The study consisted of using data abstracted from the Millennium Cohort Study, a large nationally representative census that was used to collect data on the relationship between parental employment and child socio-emotional behavior. Combining that data with publicly available health records (in England), the research term was able to find patterns in emotional behavior (as reported to health care officials) as it related to parents in various working combinations: working mother and father or where just one or the other was working.
The patterns found suggested that young girls in particular, who had working mothers, appeared to live emotionally healthy lives while young boys fared slightly less well. But even so both genders appeared to be better off emotionally than children raised in homes where just one parent was working and much better than children raised in either single parent homes, or where neither parent was employed.

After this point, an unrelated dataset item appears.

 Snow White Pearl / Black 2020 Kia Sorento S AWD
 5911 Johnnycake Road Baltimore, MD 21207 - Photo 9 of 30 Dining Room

McMunn also noted that if household income fell below a certain level, emotional instability appeared in the children of both genders almost immediately regardless of whether the mother was working or not.
What the Working Mother's Study Means for Mothers and Their Kids
Based on the data and report, it appears that for the most part, kids of working mothers are doing just fine. This means, says McMunn, that working mothers can stop beating themselves up worrying over whether as working Moms they will mess up their kids.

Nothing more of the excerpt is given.